TASK DETAILS: In the material below, begin at the line that has "Copropriété à vendre", stop after the line that has "ĐẦM BÚT CHÌ TRỄ VAI DRAPING HOA V1079", and transcribe those lines exactly, without pictures.

SOURCE DATA:
○ ○ ○
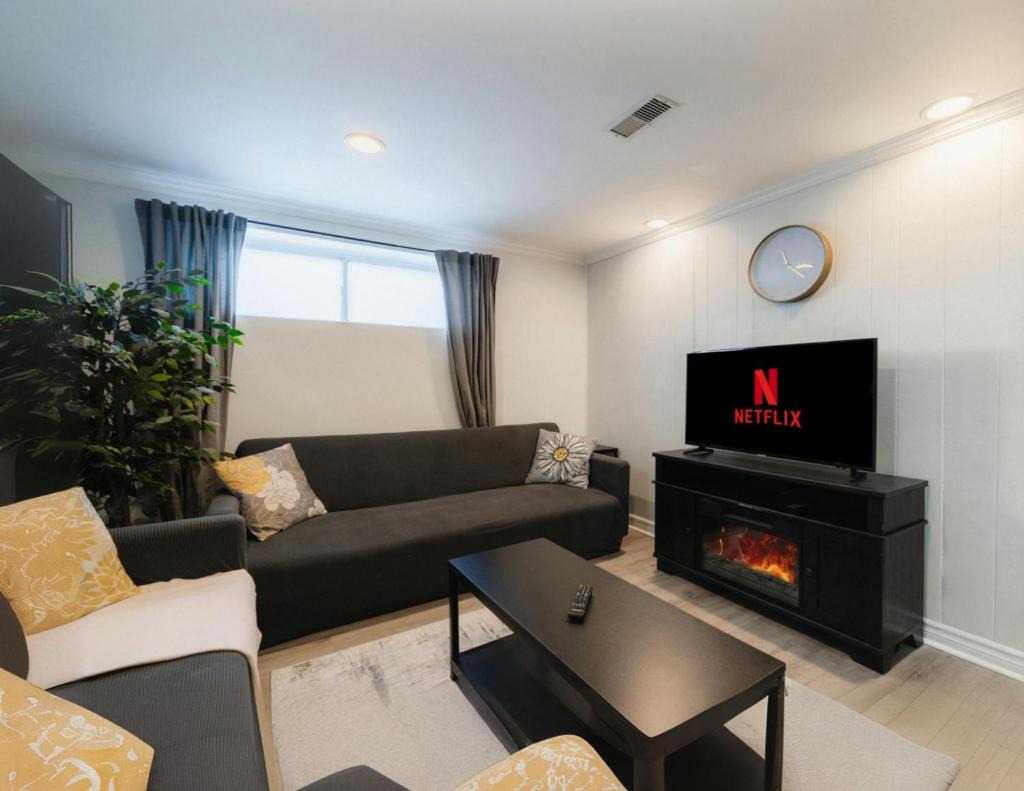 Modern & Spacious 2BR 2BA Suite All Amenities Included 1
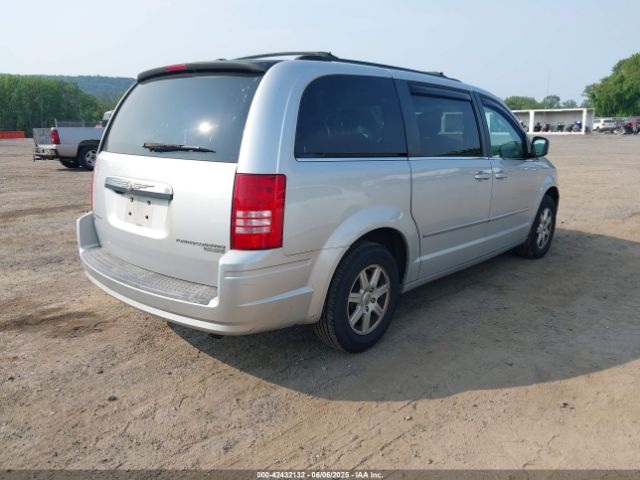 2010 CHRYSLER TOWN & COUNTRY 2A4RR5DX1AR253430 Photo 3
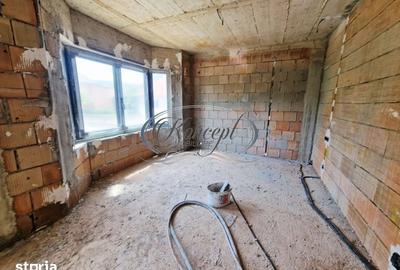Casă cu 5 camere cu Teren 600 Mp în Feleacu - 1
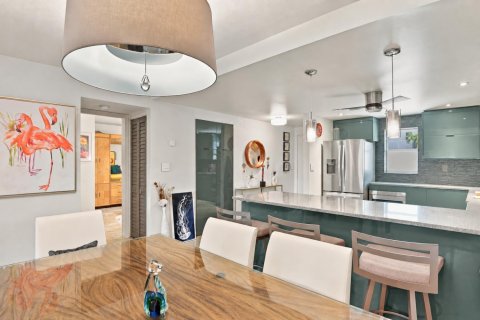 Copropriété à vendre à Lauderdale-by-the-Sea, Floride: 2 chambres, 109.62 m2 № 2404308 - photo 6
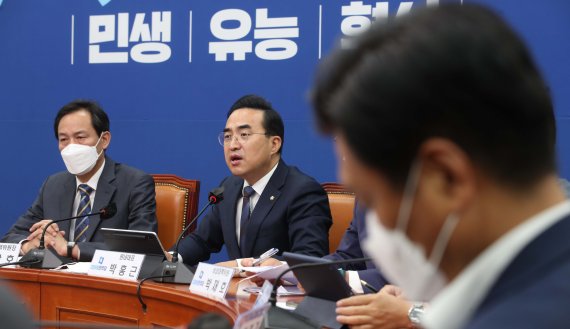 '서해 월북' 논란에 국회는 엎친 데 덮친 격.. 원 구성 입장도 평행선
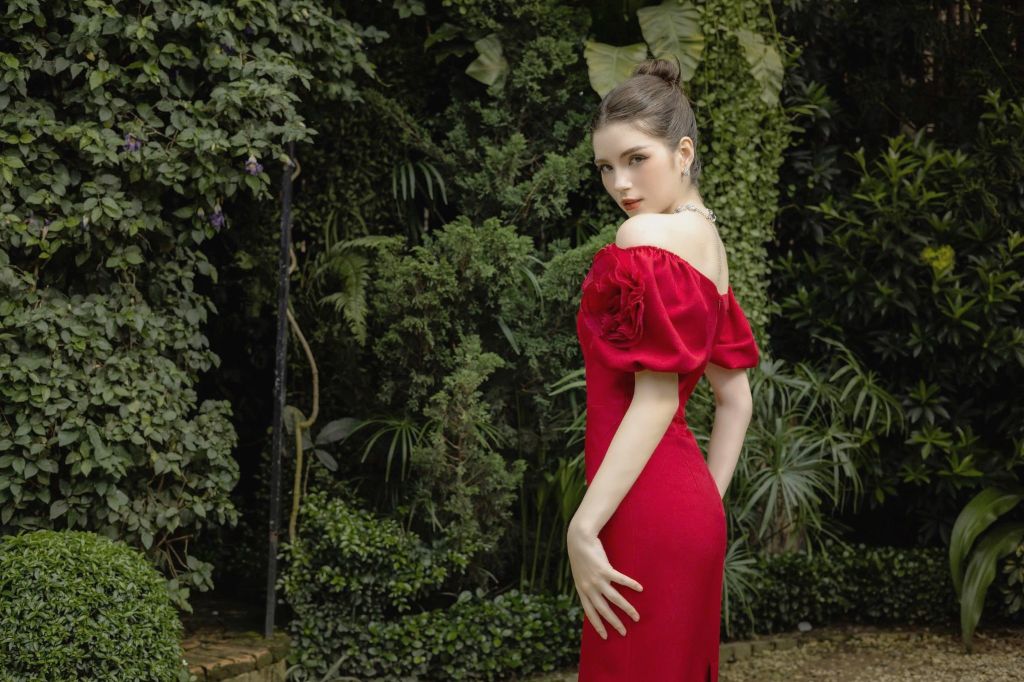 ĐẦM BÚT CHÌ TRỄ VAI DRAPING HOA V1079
○ ○ ○
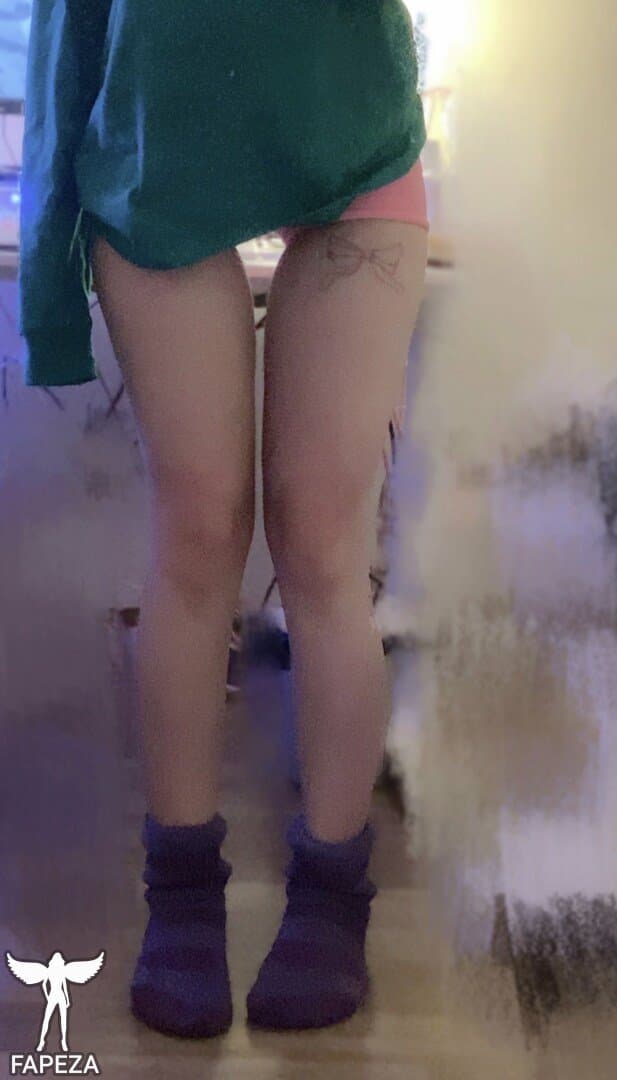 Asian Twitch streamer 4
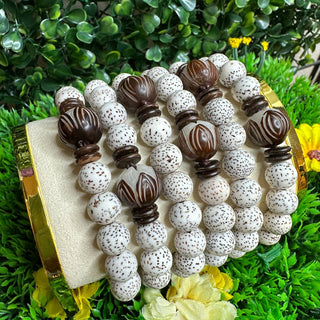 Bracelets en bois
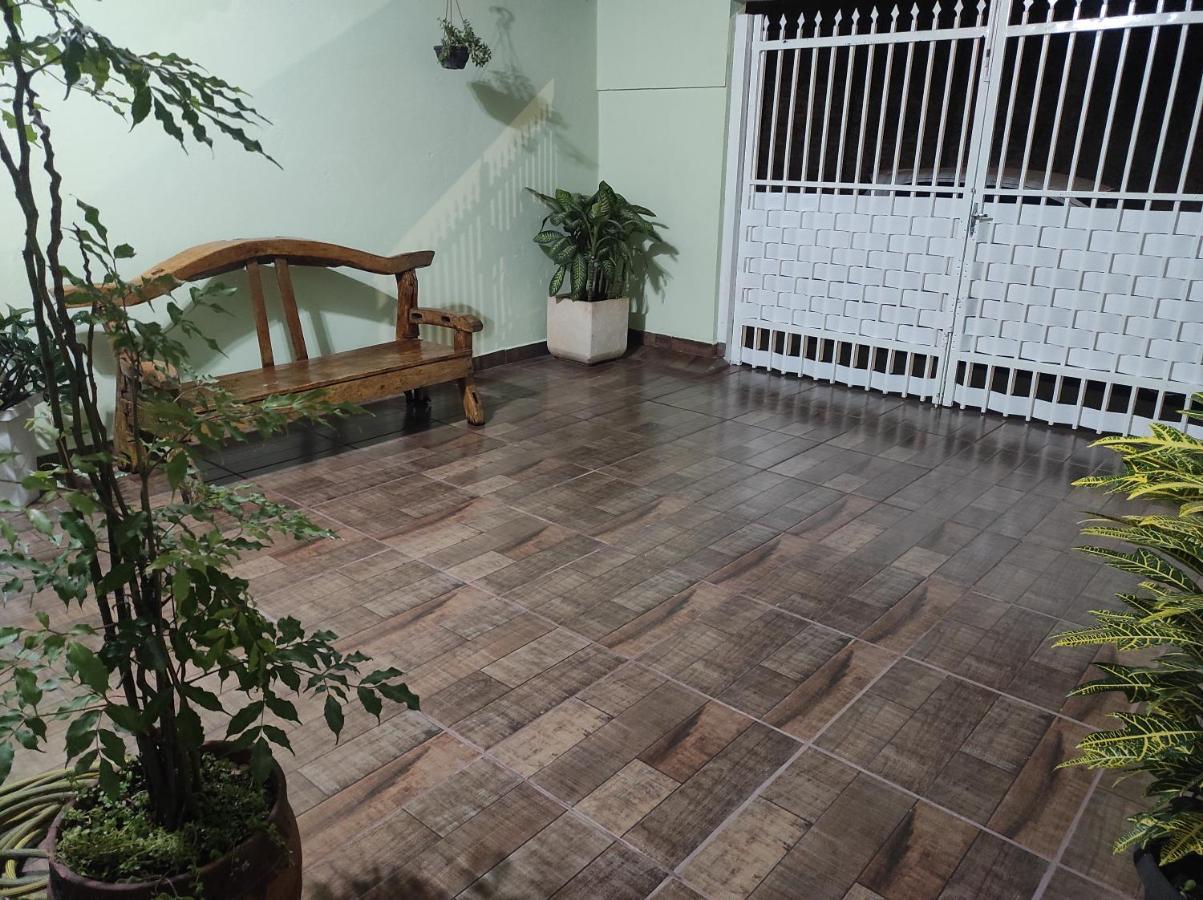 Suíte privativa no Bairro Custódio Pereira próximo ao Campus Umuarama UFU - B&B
○ ○ ○
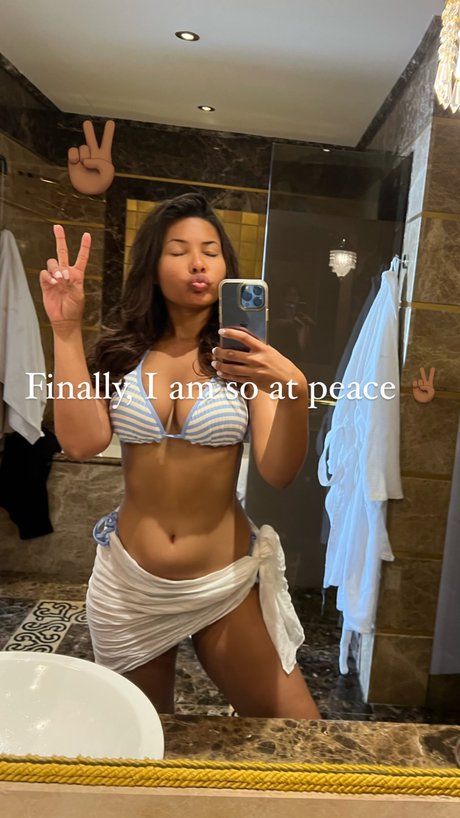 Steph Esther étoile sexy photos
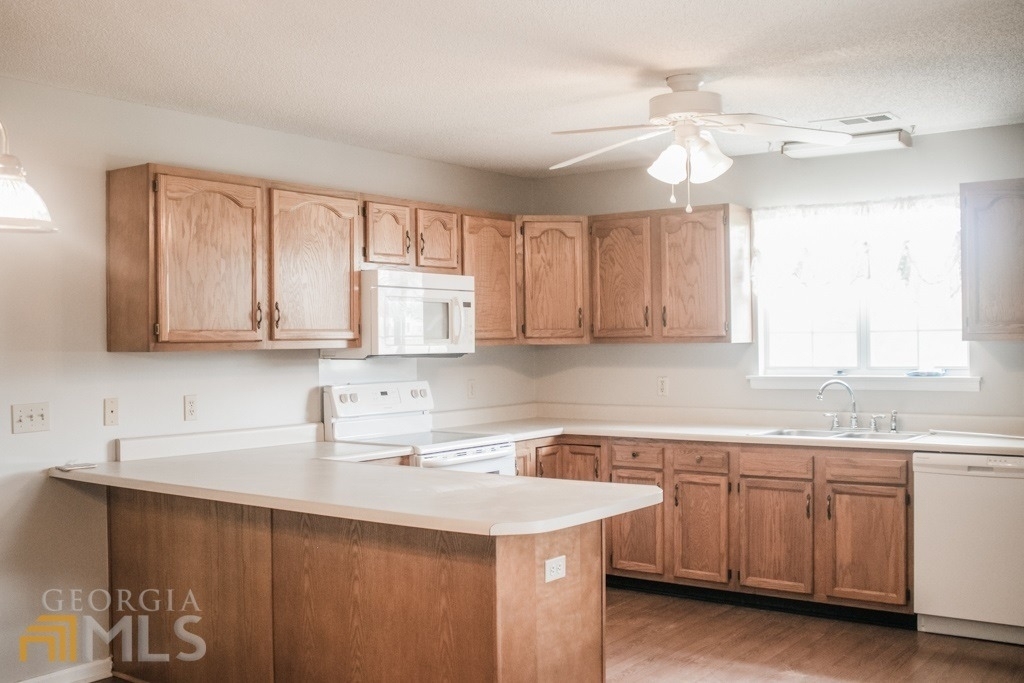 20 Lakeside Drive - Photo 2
○ ○ ○
OUTPUT OF THE EXERCISE:
 Copropriété à vendre à Lauderdale-by-the-Sea, Floride: 2 chambres, 109.62 m2 № 2404308 - photo 6
 '서해 월북' 논란에 국회는 엎친 데 덮친 격.. 원 구성 입장도 평행선
 ĐẦM BÚT CHÌ TRỄ VAI DRAPING HOA V1079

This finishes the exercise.